Présentée un mois après la démission de Jérôme Cahuzac, la loi sur la lutte contre la fraude fiscale et la grande délinquance économique, aura mis près de dix mois à être adoptée, avant que le Conseil constitutionnel n’en retoque une partie en décembre. Tour d’horizon des principaux changements apportés.
La création d’un Procureur financier
« C’est la clef de voûte de l’amélioration de la lutte contre la corruption et la délinquance économique et financière », avait assuré la garde des Sceaux, Christiane Taubira. La loi crée un Procureur financier à la compétence large et portant sur les affaires « complexes » : corruption, trafic d’influence, prise illégale d’intérêts, favoritisme, détournements de fonds publics, délits boursiers ainsi que fraude fiscale. C’est la magistrate Eliane Houlette qui a été nommée à ce poste fin janvier.
Elle a déclaré dans un entretien au « Monde » avoir« déjà 110 dossiers », parmi lesquels les dossiers Cahuzac, Balkany, Pérol, Dassault… S’y ajoute depuis peu l’affaire Sarkozy-Herzog.
A sa création, le nouveau parquet a été très critiqué par les syndicats de magistrats, qui pointaient son manque d’indépendance et de moyens. Placé sous l’autorité du procureur général de Paris, le procureur financier est en effet nommé par décret du président de la République, sur proposition du garde des Sceaux, après avis du Conseil supérieur de la magistrature.
Il ne compte pour le moment que cinq magistrats, mais la Chancellerie a promis la création à terme d’une cinquantaine de postes de magistrats et d’assistants spécialisés.
Des moyens d’enquête renforcés
Bras armé du parquet financier, le nouvel Office central de lutte contre la fraude et la corruption s’est vu attribuer des moyens d’enquête renforcés, via notamment la création d’un délit de fraude fiscale en bande organisée. Il peut recourir aux « techniques spéciales d'enquête » que sont la surveillance, l’infiltration, les sonorisations, la garde à vue de quatre jours ...pour démasquer les faits de fraude fiscale aggravée. Des moyens que le Conseil constitutionnel a limités, annulant par exemple la garde à vue de 96 heures.

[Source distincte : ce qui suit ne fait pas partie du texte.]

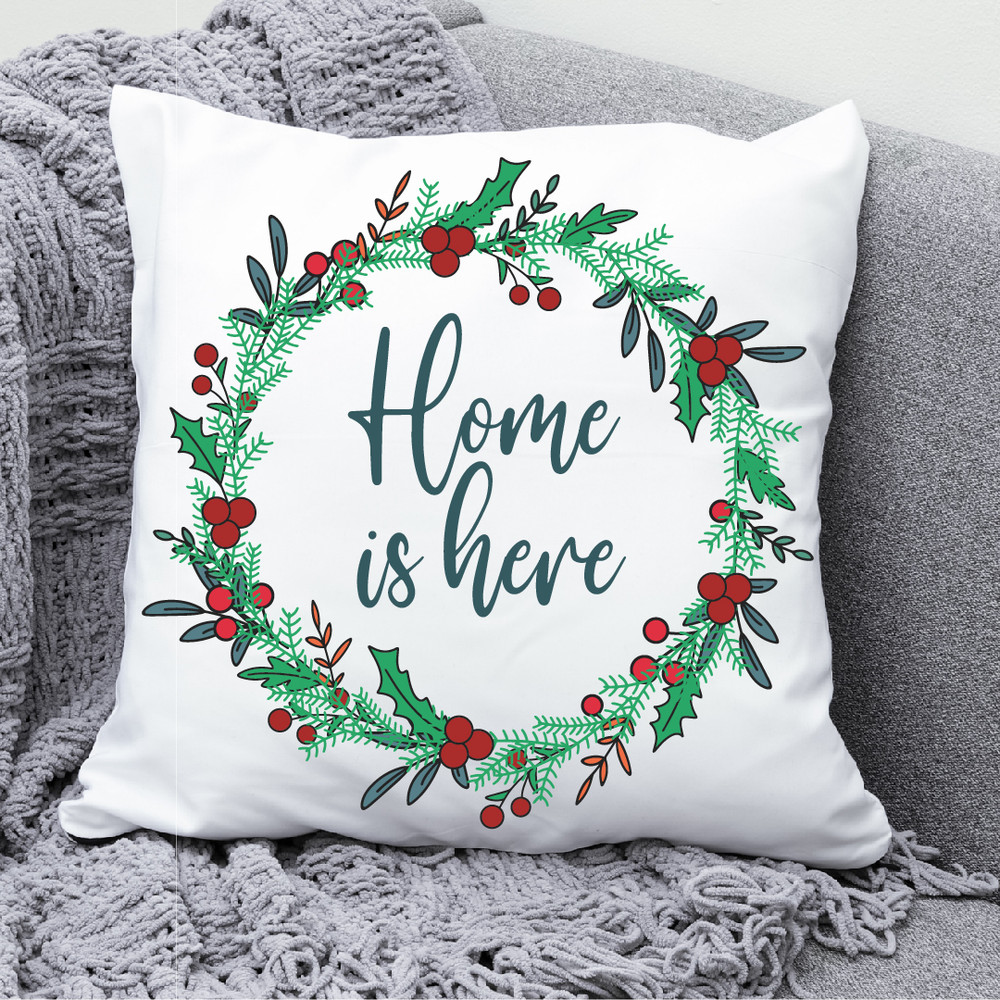 christmas-wreath-foliage-berries-2.jpg
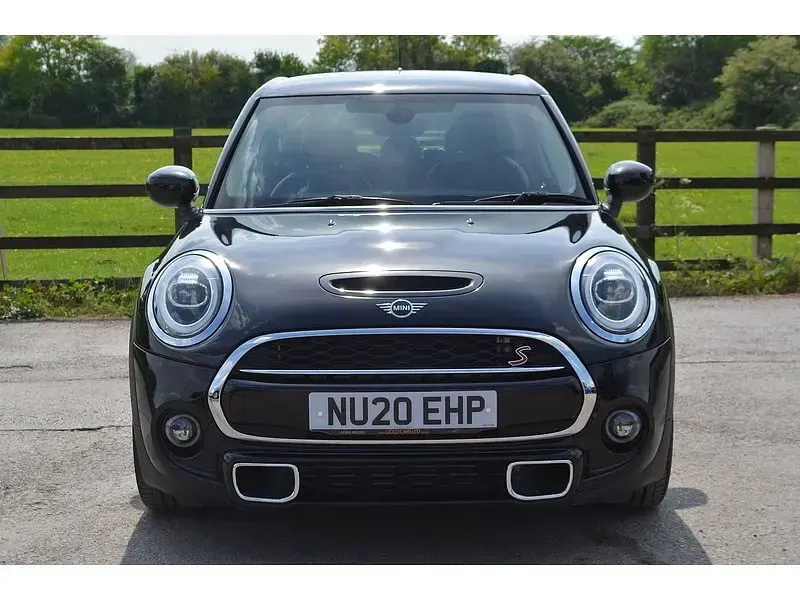 Usado Mini Cooper S Exclusive 2020 Negro Utilitario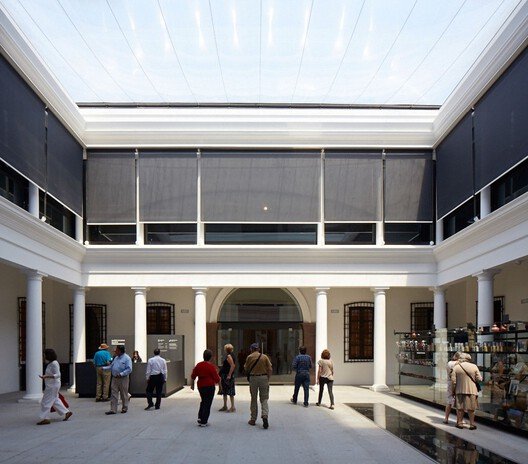 Smiljan Radić Clarke: Pritzker 2026'nın Duyusal Mimarlık Dili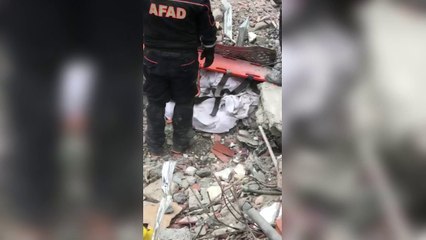 Ekipet vështirësi për nxjerrjen e trupit të Sotiraq Mishos, betoni i ka zënë këmbët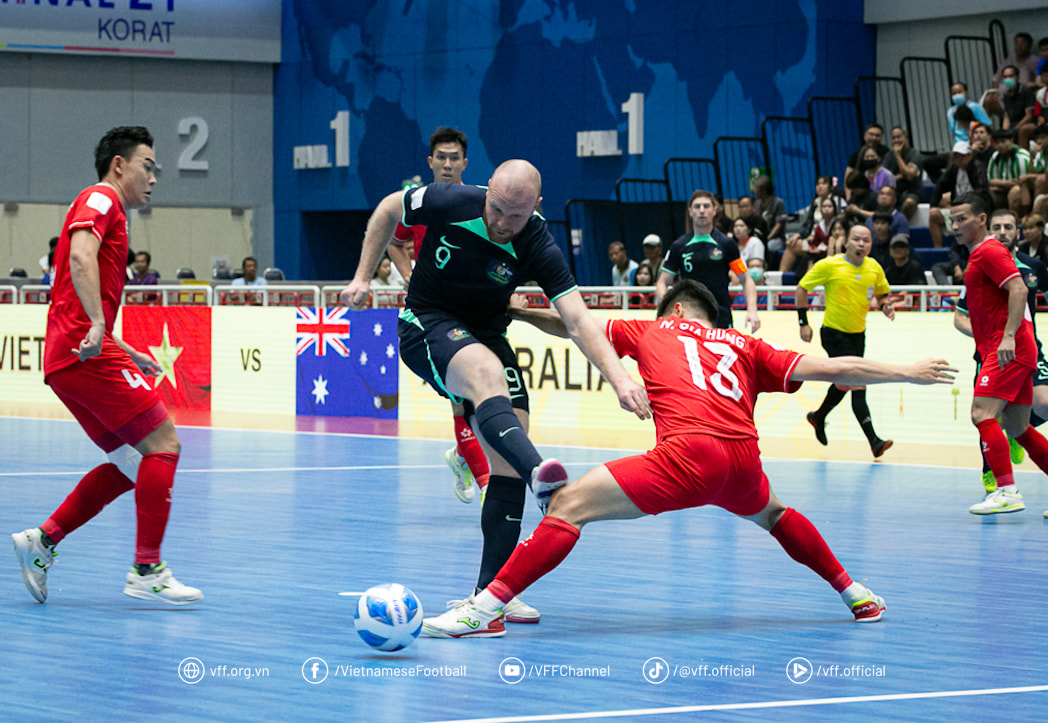 Ngược dòng kịch tính, futsal Việt Nam vào chung kết Đông Nam Á sau 12 năm- Ảnh 2.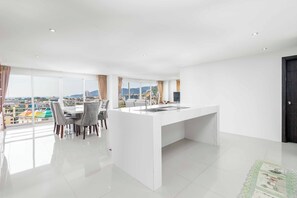 Interior - Great Ocean View 2Br Near Beach C265 (Patong)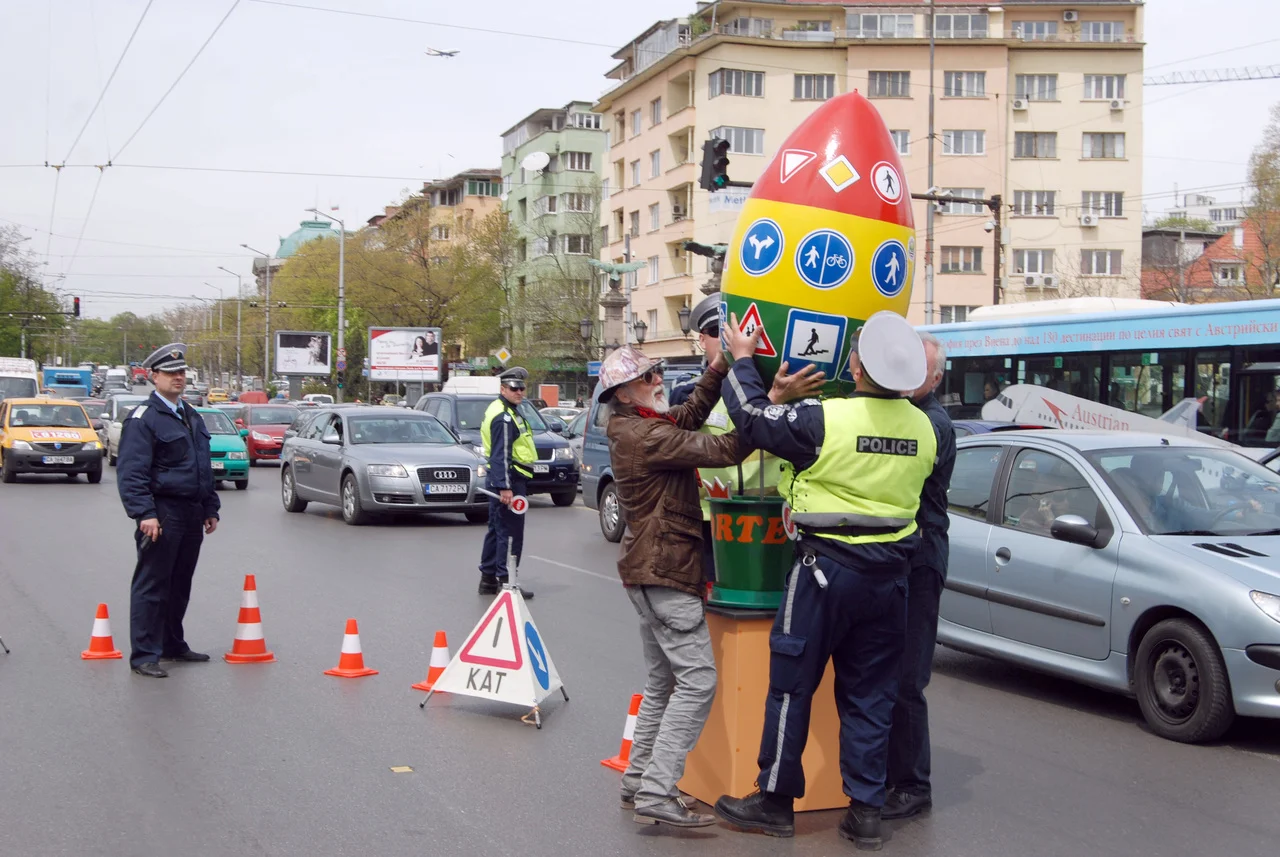 Акция “Следвеликденско яйце” на КАТ образува задръстване на Орлов мост днес. Началници от пътна полиция раздадоха на шофьорите 360 яйца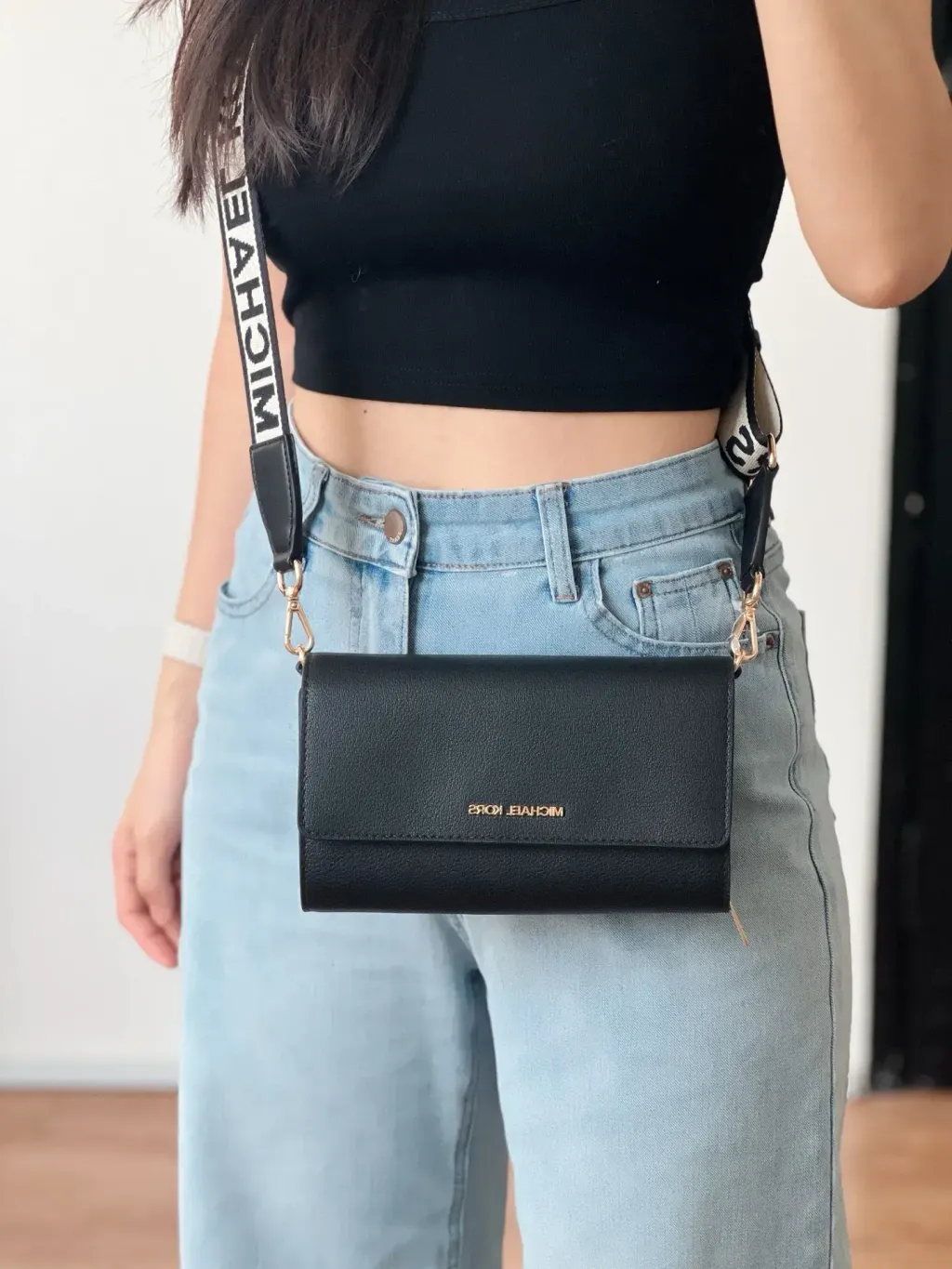 JuzBeauty_JuzBeautyMalaysia_JuzPretty_Authentic_Kbeauty_Malaysia_Skin_Care_Cosmetics_K-beauty_Health_Care_korean_streetwear_MICHAEL KORS 35F2GTTC8L Jet Set Large Leather Crossbody Bag in black 斜挎包2.jpg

Les sages ont également restreint l’utilisation des données obtenues de manière illicite, comme les fameux « fichiers volés » de HSBC, ouverte par le texte de loi. Les données doivent avoir été portées « régulièrement » à la connaissance de l’administration, a insisté le juge constitutionnel. Le texte contraint en outre le régulateur bancaire à transmettre au fisc des informations pouvant l’intéresser – elles n’étaient jusque là transmises qu’au parquet et à Tracfin.
Une meilleurs coopération entre la Justice et Bercy
La loi ne remet pas en question le monopole de Bercy en matière de poursuites pour fraude fiscale, mais aménage les relations entre les juges et le fisc. Elle modifie à compter de 2015 la composition de la Commission des infractions fiscales (CIF), chargée de transmettre à la justice les dossiers fiscaux que Bercy lui soumet. La CIF comprendra ainsi des magistrats de l’ordre judiciaire et devra être plus transparente vis-à-vis des parlementaires.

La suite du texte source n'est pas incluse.